Brief descriptive captions:
-------

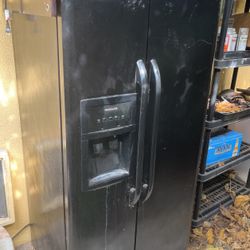 Fridge Frigidaire Model 23 Cubic Feet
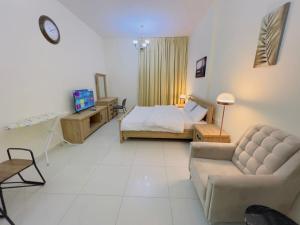 Mahenti - Elite 1 · Large balcony withu need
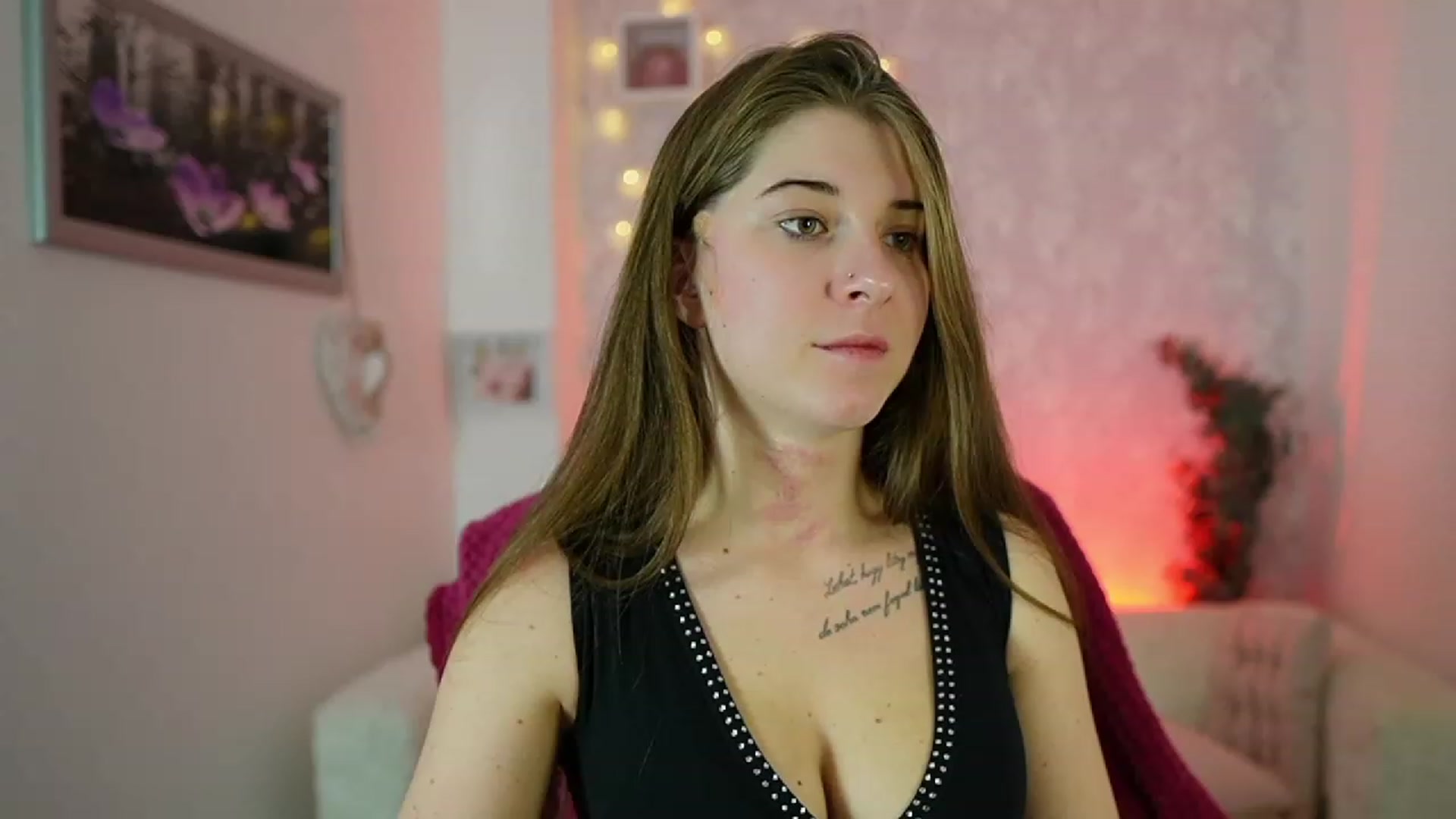 Gallery image thumbnail from Haley_Reed18's myfreecams stream on, 12/20/2023, 18:33 image 7 of 20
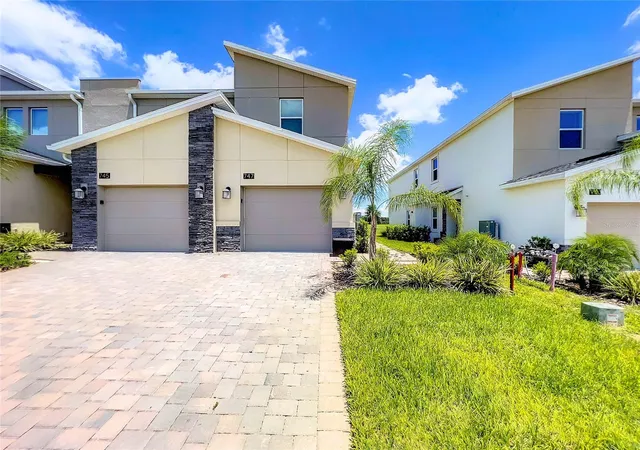 Listing Photo 3 - Condo for sale in building located at 747 Ocean Crse Ave, DAVENPORT, FL 33896 - Unit #747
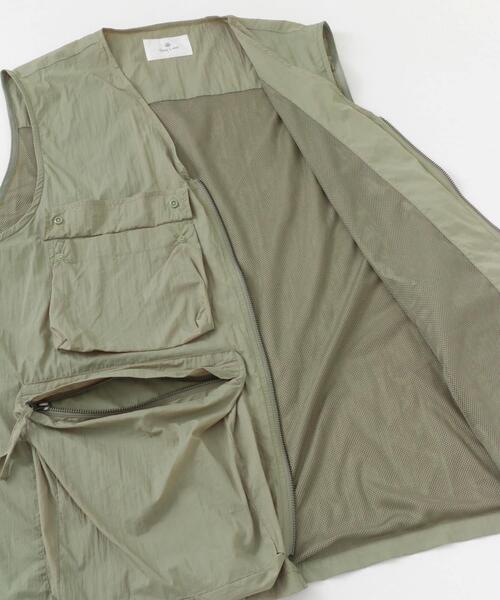 URBAN RESEARCH Sonny Label（アーバンリサーチサニーレーベル）の「ナイロンマルチポケットジップベスト（ベスト・メンズ・ブラック/グリーン系その他・MEDIUM/LARGE）」の21枚目の写真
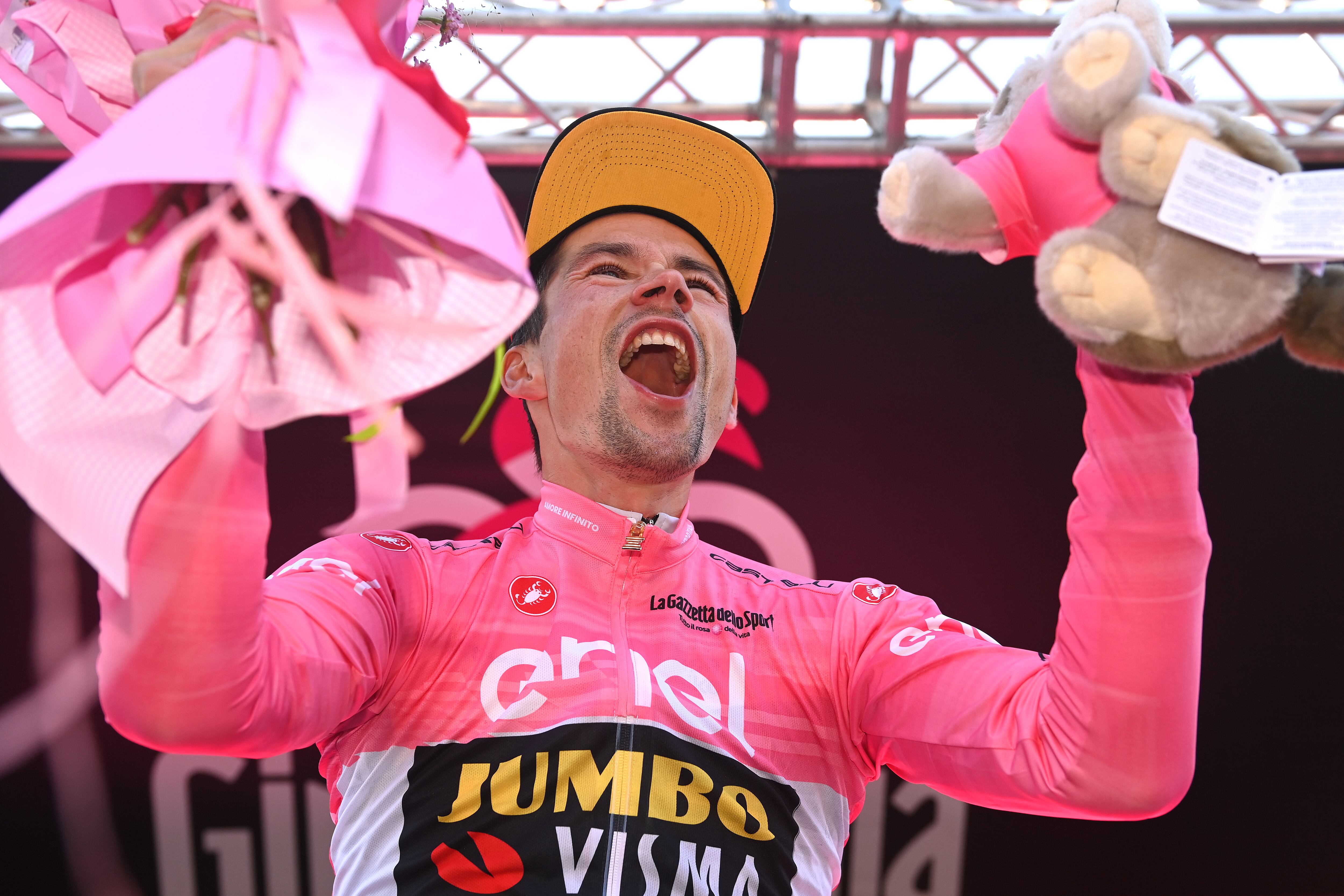 Primoz Roglic festeja eufórico en el podio de la etapa 20 del Giro. (Photo by Tim de Waele/Getty Images)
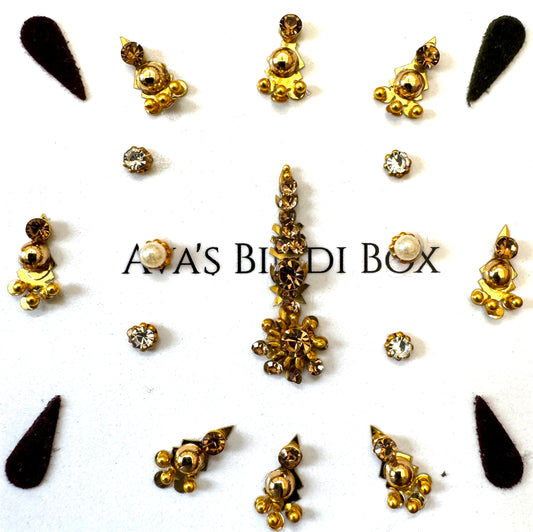 Gold bindis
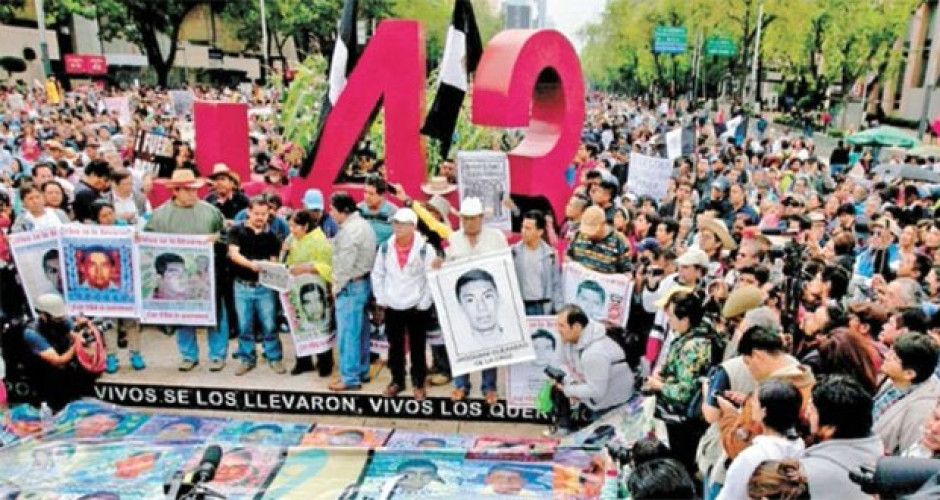 Dan libertad condicional a ocho militares implicados en caso Ayotzinapa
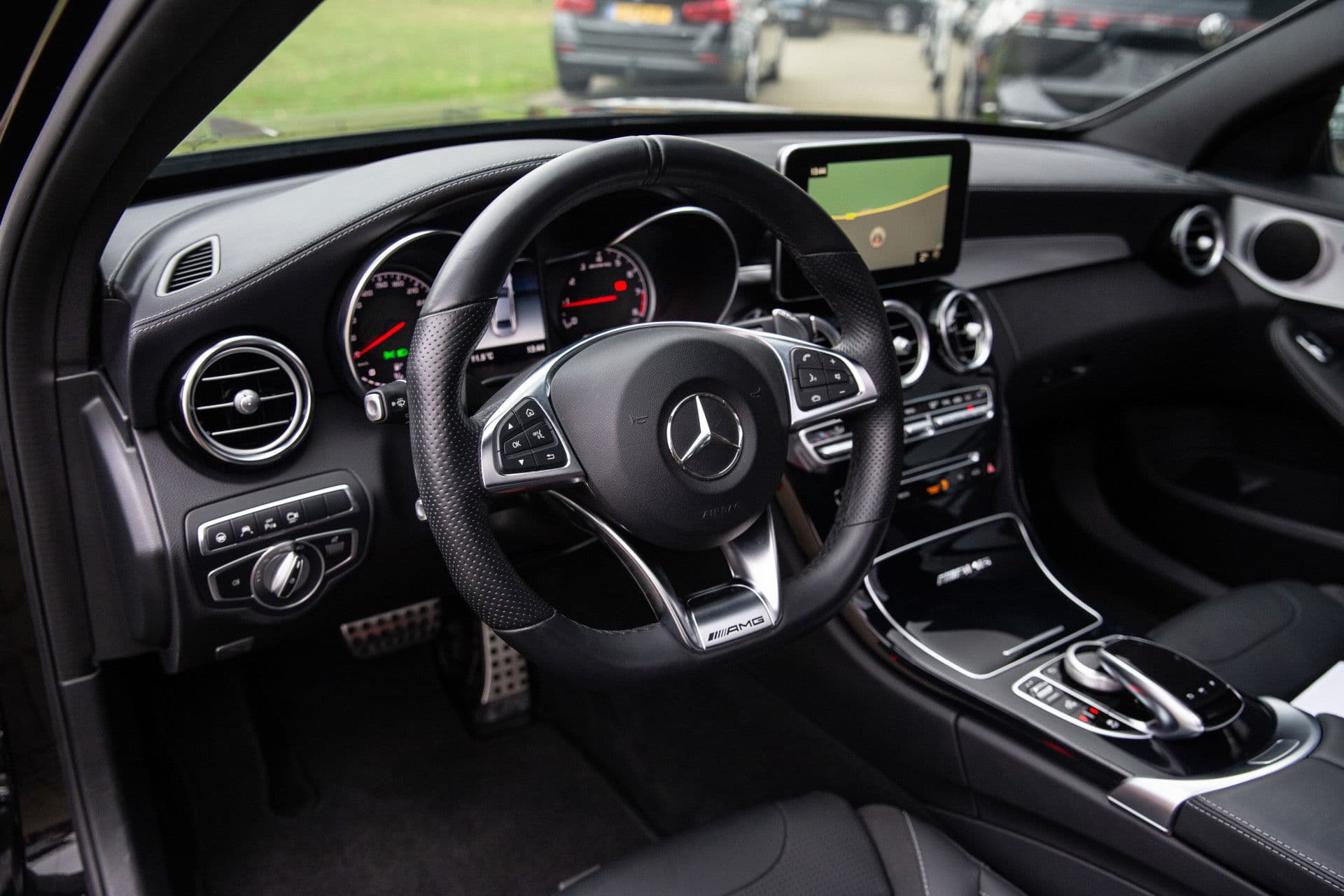 Mercedes-Benz C-Klasse C63 AMG , Panoramadak, Adaptieve Cruise, Memory, 360-camera thumbnail 5
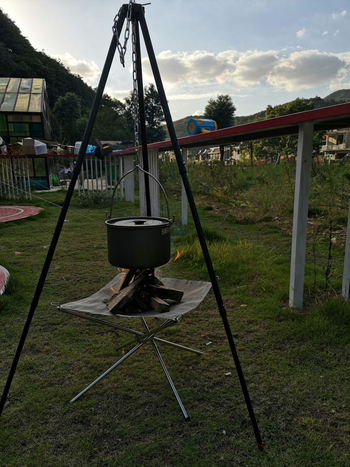 AIRKYE Erik välistingimustes kasutatav kämpingualus, kolme jalaga rippuv potialus, kolmeosaline teleskoopne kaasaskantav kolmeukseline kämpinguabiline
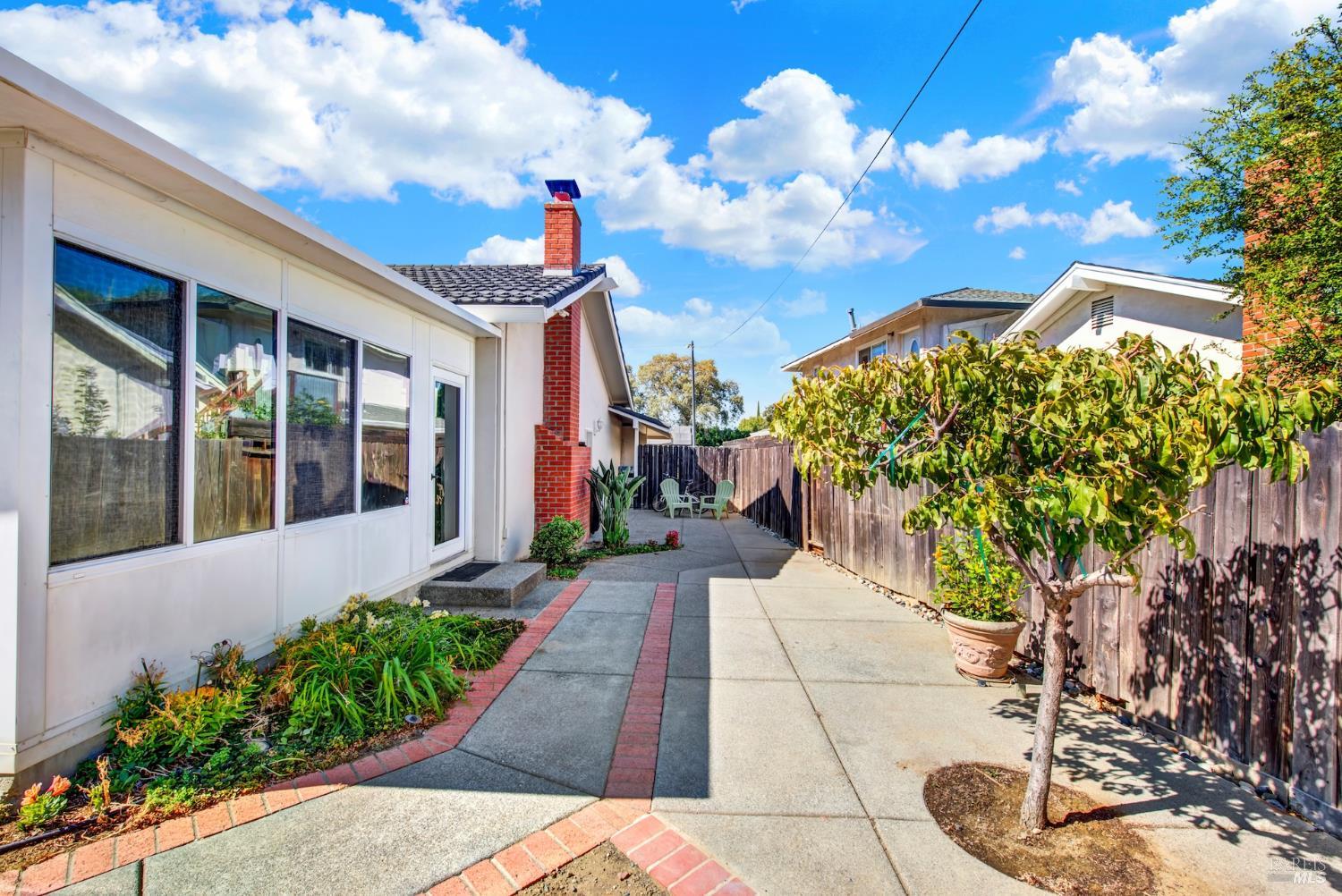 470 Meadowview Drive Vacaville CA 95688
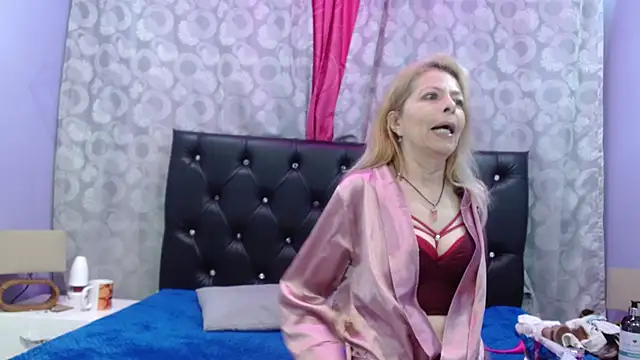 sophia ny online show from February 14, 2025, 9:10 pm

-------

Required work: An exact copy is required of the lines from the start of the records above through the line with "URBAN RESEARCH Sonny", and only those, without any pictures.

Response to the task:
 Fridge Frigidaire Model 23 Cubic Feet
 Mahenti - Elite 1 · Large balcony withu need
 Gallery image thumbnail from Haley_Reed18's myfreecams stream on, 12/20/2023, 18:33 image 7 of 20
 Listing Photo 3 - Condo for sale in building located at 747 Ocean Crse Ave, DAVENPORT, FL 33896 - Unit #747
 URBAN RESEARCH Sonny Label（アーバンリサーチサニーレーベル）の「ナイロンマルチポケットジップベスト（ベスト・メンズ・ブラック/グリーン系その他・MEDIUM/LARGE）」の21枚目の写真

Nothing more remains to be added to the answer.